The Air Conditioning Contractors of America (ACCA) applauds the
January 25, 2012, opinion and order by Judge Martha Vazquez in favor of
the Air-Conditioning, Heating, and Refrigeration Institute (AHRI) in
their challenge to the 2007 Albuquerque Energy Code. Several local ACCA
members stood as plaintiffs in the suit.
In 2007 the City of Albuquerque approved changes to the
Albuquerque Energy Conservation Code that would have mandated minimum
energy conservation standards for HVAC and water heating equipment that
exceeded federal minimum standards. Federal law prohibits state or local
jurisdiction from setting more stringent minimum energy conservation
standards without a waiver of preemption from the Department of Energy.
The City did not obtain a waiver and changes it proposed to the Energy
Conservation Code did not relieve it of the need for a waiver.
As a result, AHRI challenged the Energy Conservation Code in
Federal District Court for the District of New Mexico. Local
distributors and HVAC contractors impacted by the proposed Energy
Conservation Code were named plaintiffs and testified in the case.
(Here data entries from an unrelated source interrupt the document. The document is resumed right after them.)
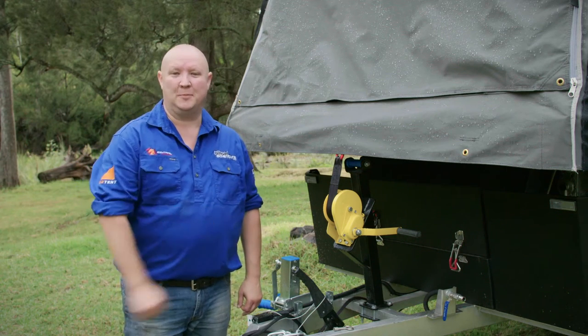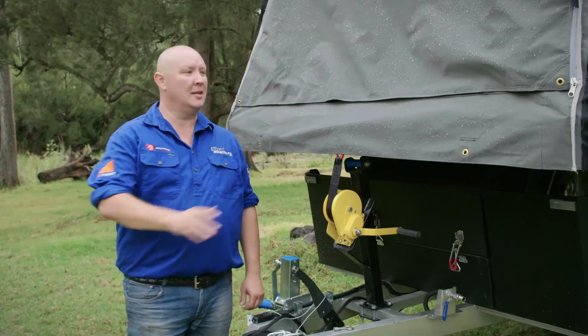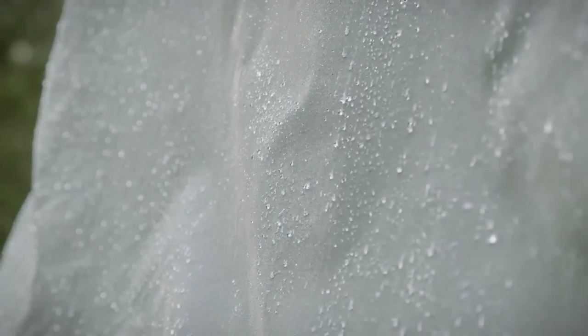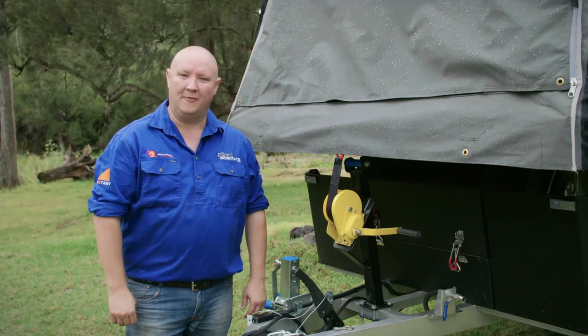Let's face it, you've made a pretty decent investment in your trailer and you want to make sure that it lasts for years to come. So here's a tip: if you find yourself having to pack up in wet weather, make sure you set it up when you get home so it dries out completely. That way you'll avoid things like mould and rot.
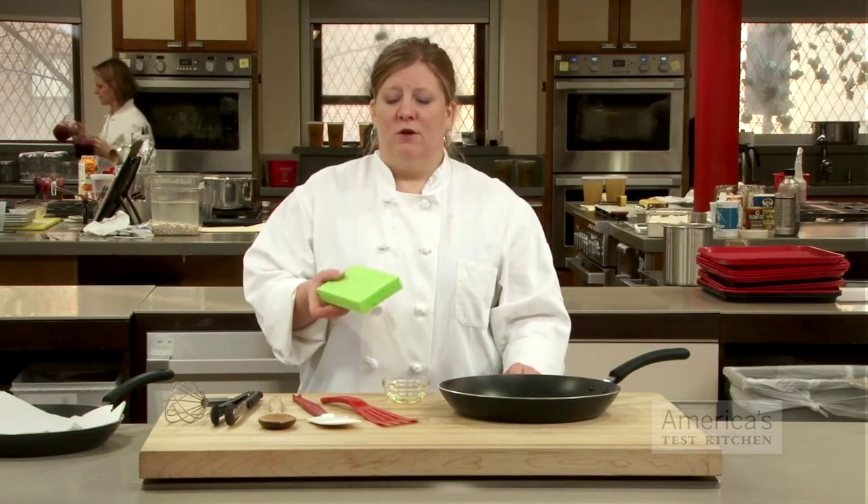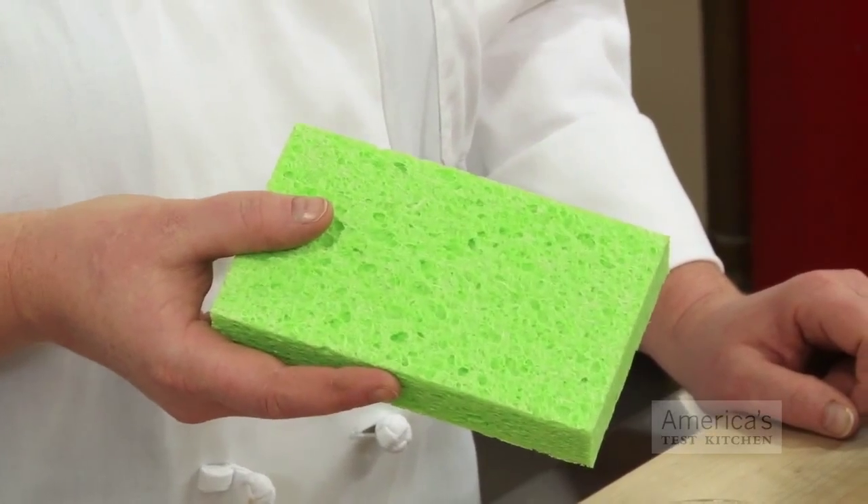Third, to clean your pan, use a soft sponge and avoid any kind of abrasive scrubbers.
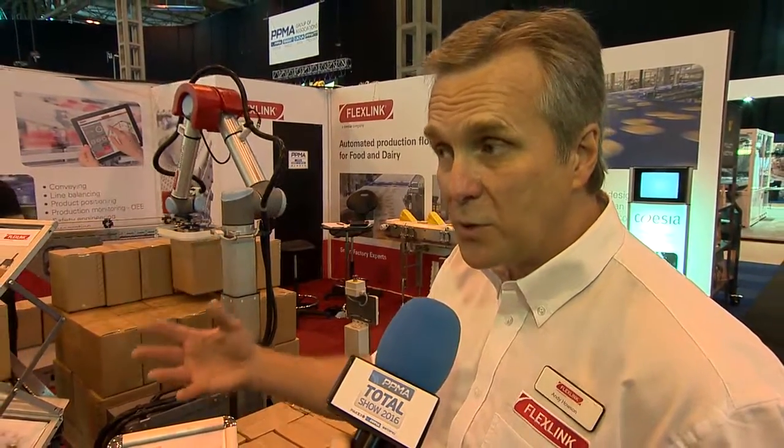It also helps with things like RSI claims and RSI injuries, because doing operations such as this — where you're loading boxes onto the floor or almost the floor and then stacking them up to 1.9 meters high — is not a very nice operation for somebody to do continuously throughout the day. This robot takes away that need, and obviously then potentially in the future takes away the RSI claims.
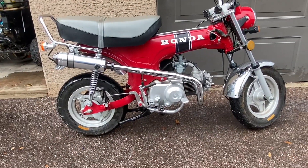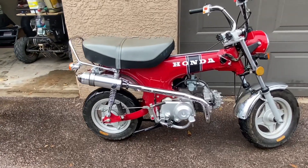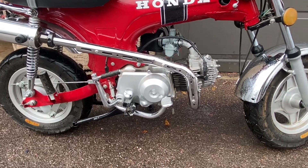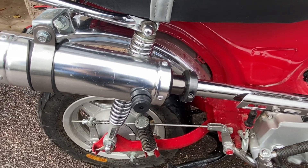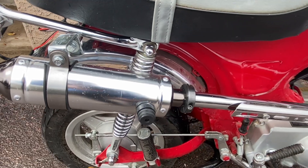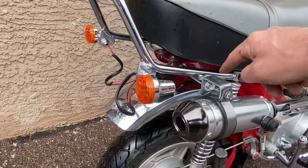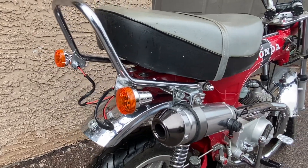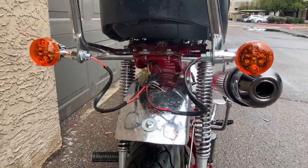This is an eBay exhaust, and here's what I did to make it work. It all fits as it should from the engine. They supply you with a hose clamp that wasn't going to work, so I used an inch and a quarter split lock collar to clamp the muffler onto the header pipe. Then I had some old chrome flat bar laying around, bent it U-shaped, drilled two holes, and mounted it like that.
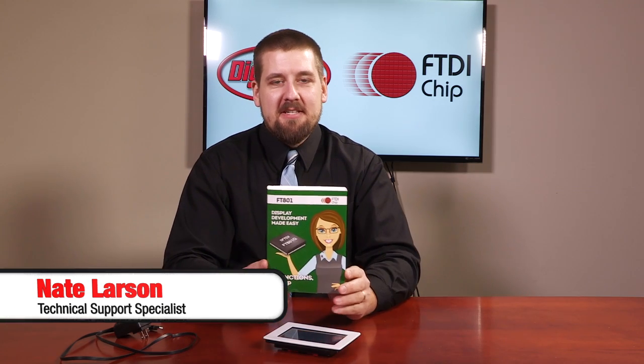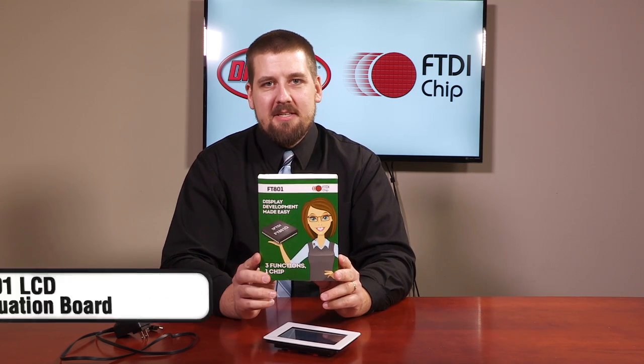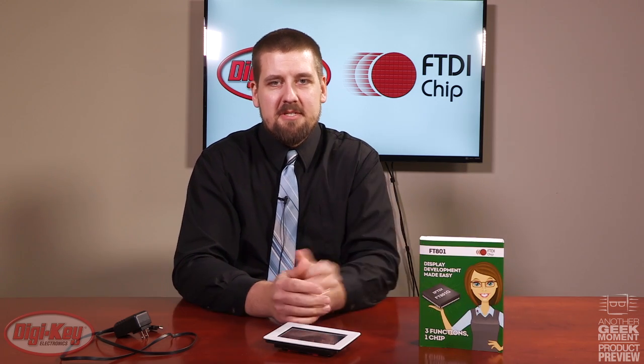Today we're going to take a look at FTDI's FT-801 Series Embedded Video Engine IC. This IC includes a graphics controller, audio processing, and a touch controller supporting five touches via a capacitive touch screen, which is an upgrade to their FT-800 Series, which was a resistive touch module.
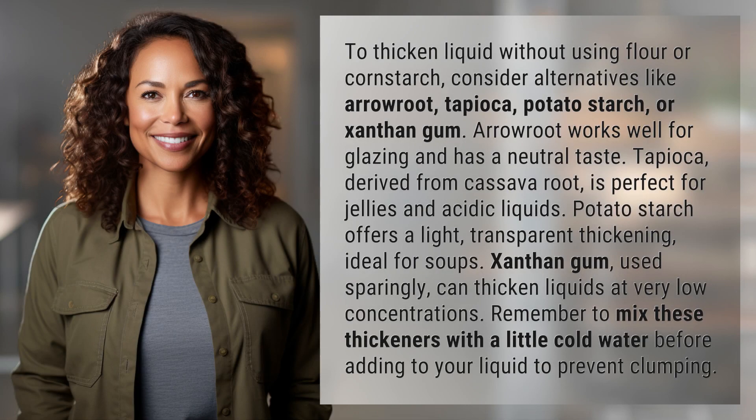To thicken liquid without using flour or cornstarch, consider alternatives like arrowroot, tapioca, potato starch, or xanthan gum.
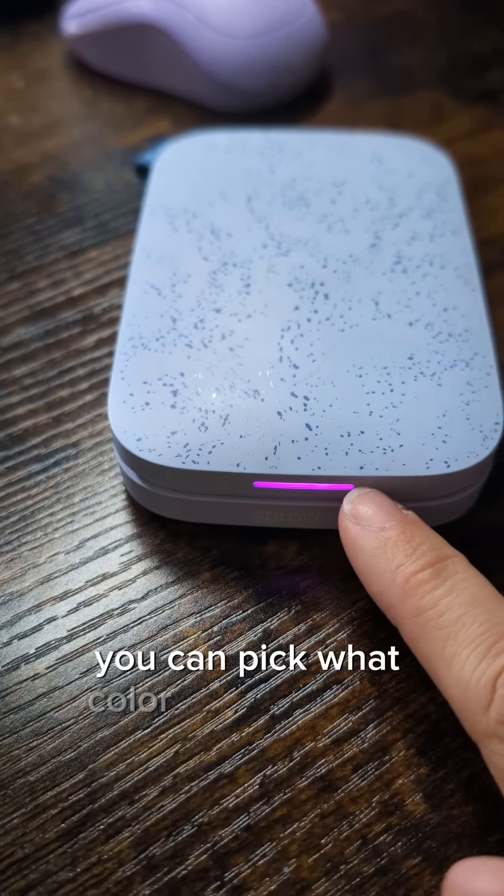Love the little Sprocket printer — fun for all ages, and lots of reasons why you can need it or have it. The refillable paper is pretty affordable too. I've got all of these refills — I subscribe and save so I have it all the time. But totally recommend it.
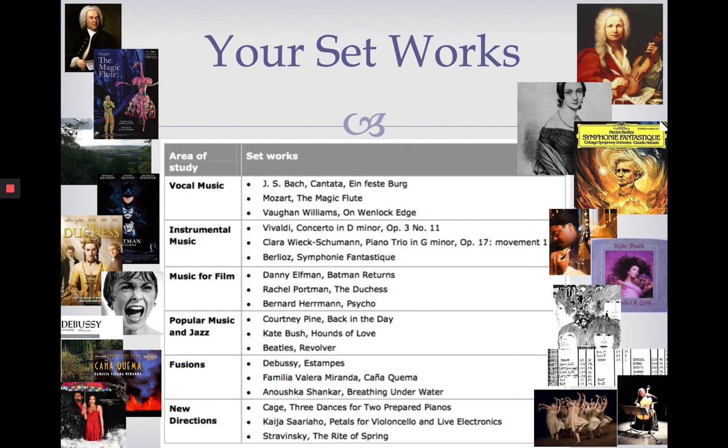Here are the pieces of music you'll be studying over the two years. We've got our six areas of study on the left-hand side: vocal music, instrumental music, music for film, pop and jazz, fusions, and new directions. You have three set works within each area of study, so there really is something for everyone — lots for classical music lovers, film music fans, and pop and jazz enthusiasts.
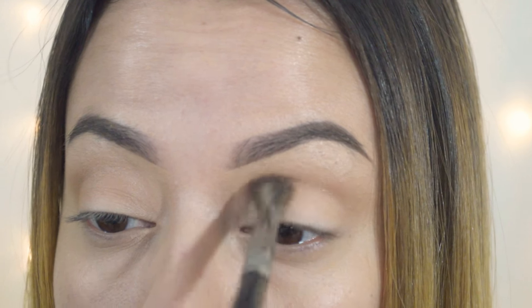Next I'm going in with golden ochre in my crease. This is going to be my transition shade, just to soften the look. You always want to go in with a transition shade when you're doing eyeshadow so you don't have a harsh line — it helps blend everything together and makes it look a little bit softer.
“I want to recognize the contribution of ACCA members Affordable
Services, Inc., and Thompson Heating and Air Conditioning, who stood up
for the industry and agreed to be a named plaintiff in a case against
the city they work in every day,” said Paul Stalknecht, ACCA President
According to AHRI, in her latest opinion, Judge Vazquez confirmed
her September 10, 2010, rulings (1) that the prescriptive energy
efficiency standards in the 2007 Albuquerque code that are more
stringent than federal minimum efficiency standards are preempted and
cannot be saved from federal preemption by the availability of
alternative code compliance paths; and (2) that a particular
performance-based code compliance option is preempted, because it is
based on a standard reference design that uses efficiency levels that
exceed federal efficiency standards. Responding to a summary judgment
motion filed by the City that essentially asked Judge Vazquez to
reconsider her earlier rulings, she declined to do so and denied the
“Federal law is clear and was upheld in the case,” said
Stalknecht. “States and localities cannot set their own standards that
are higher than the federal standards without a waiver from preemption.
The resulting patchwork quilt of minimum efficiency standards would be
confusing to consumers and impossible to enforce.”